Think of an antenna from a Physics point of view ... it is not a circuit..... it is radiating energy into space . This is what makes Ham Radio so interesting..... the physics is radiating energy into space... cool stuff Maxwell's Equations... and information is being sent through space.
Well, I am back for a review.
The older electronics technicians I worked with did not like working with RF- they regarded it as strange, weird, magical, etc.

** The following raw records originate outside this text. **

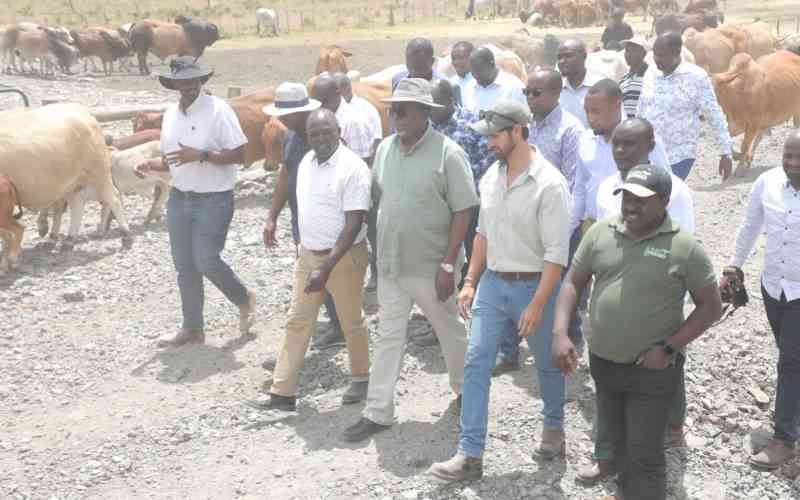 State to revive livestock industry, says CS Linturi
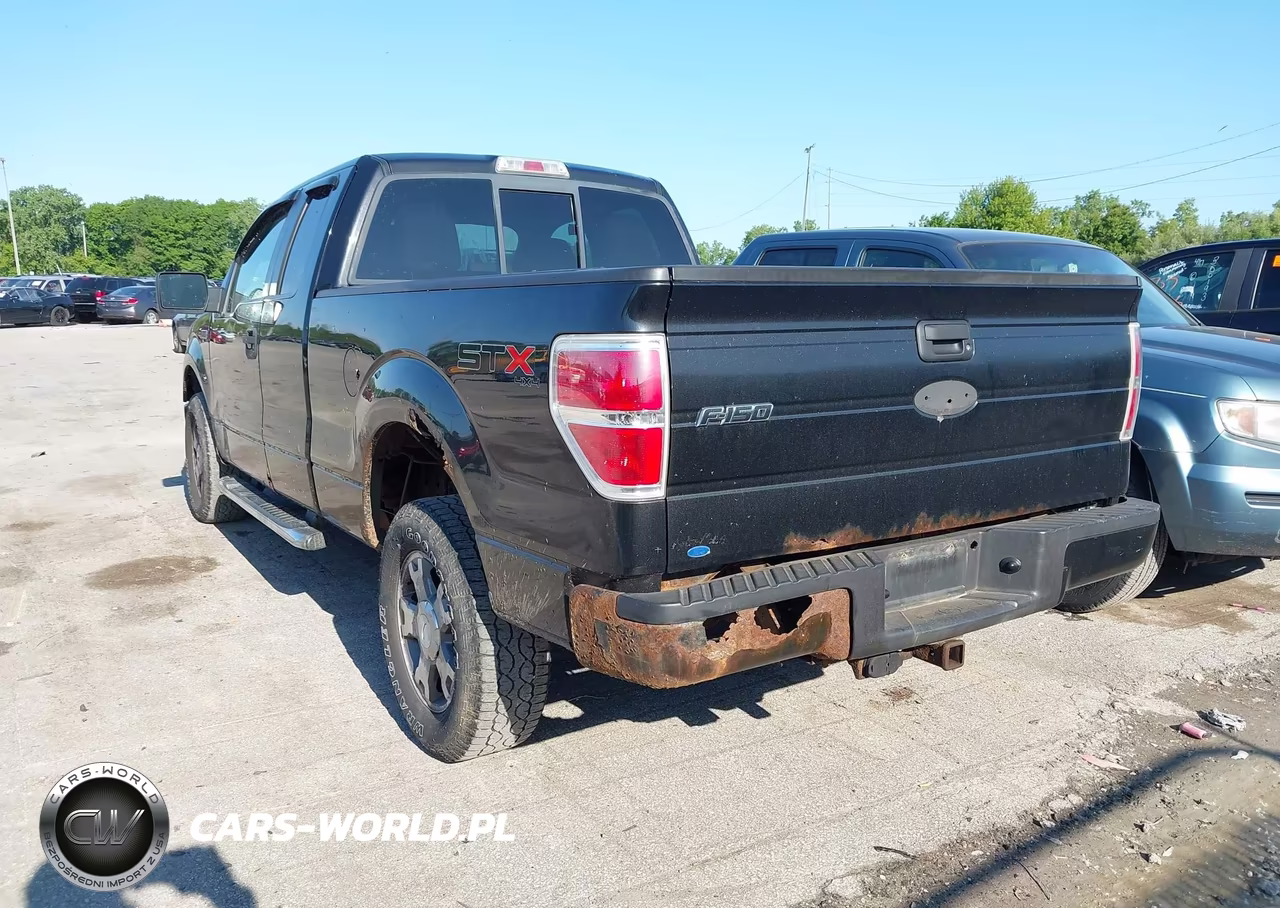 2010 Ford F-150 Stx-Xl VIN:1FTEX1EW4AFB96298 - 3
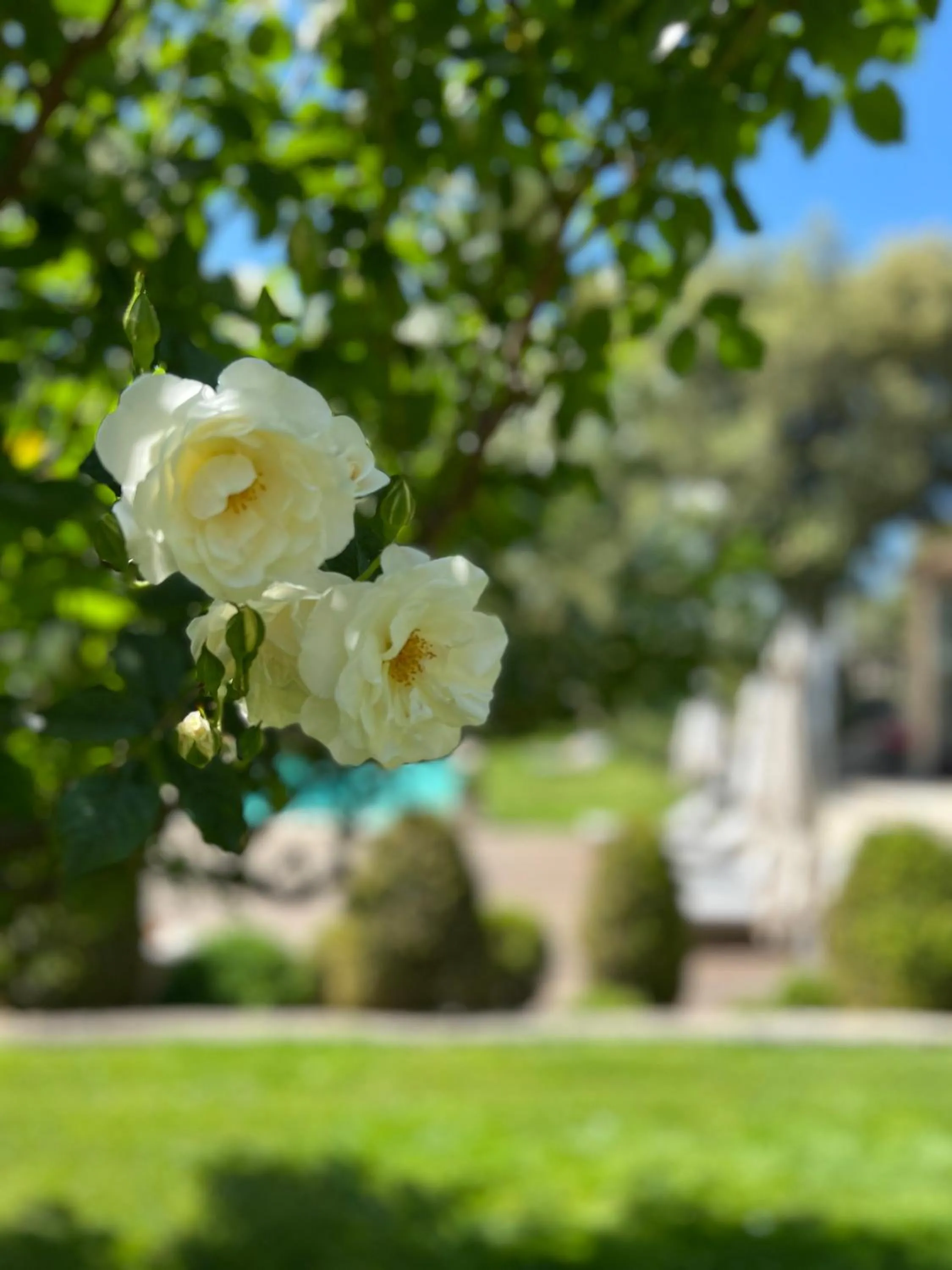 Garden in Villa Hautvallon - Peaceful Escape in Provence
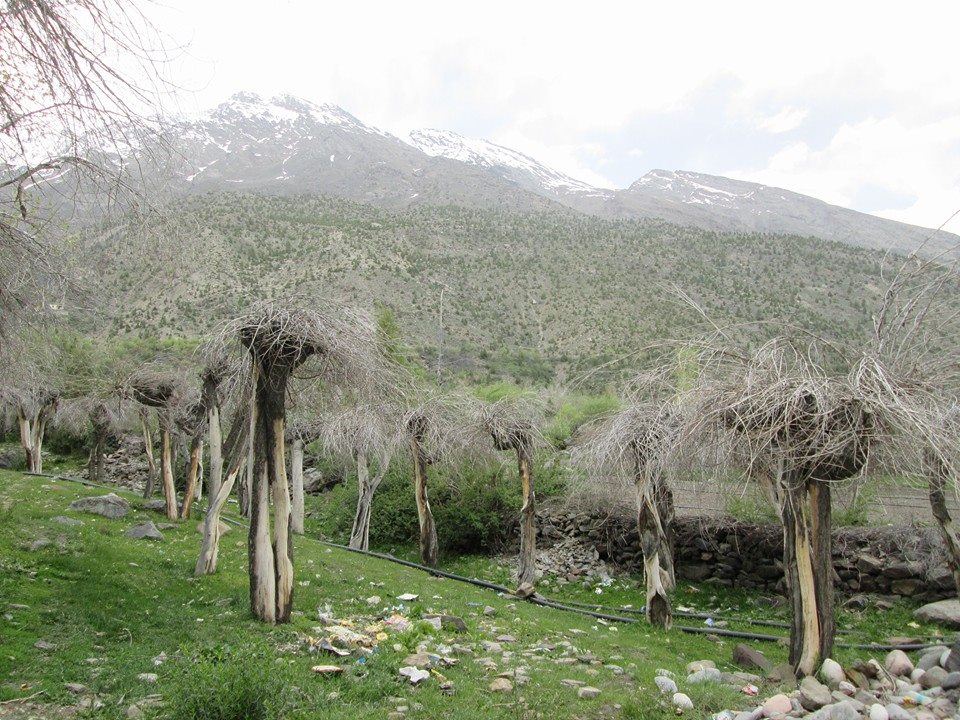 Indian History: The Chipko Movement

Can this "strangeness" be a consequence of the Faraday-Maxwell-Heaviside electromagnetism equations? N0QFT
Given that your presentation on the voltage and current distribution vs location on the dipole is contrary to numerous, should I say just about all, sources that explain the subject as "Current is maximum at feedpoint, while voltage is maximum (and opposite sign) at ends", could you please provide the source for your presentation of voltage and current vs. location on the dipole?
Great video, good math too! This is the first time I grasped this, which means that you can teach ANYBODY!!! Thanks for turning on the light bulb for me!
I thought he was about to draw a rainbow there for a bit.
Look, this is about as wrong as pride month. The diagram of the voltage and current distribution on a resonant, centre fed 'half' wave dipole is correct. What's going on?!
Thank you. I have learned a lot in the last couple minutes. I will watch this again tomorrow to replace what I learned over night. I eat up your videos like candy. Thanks again.
Now lets see if you can use the same presentation to explain to folks why full wave dipoles dont work! Youre half wave there!
Wrong explanation.
This graph has nothing to phase and waves. It's voltage and current amplitudes.
So the graph is correct.
Mind blown... Yeah, over my head :) I'm going to have to watch this a few times.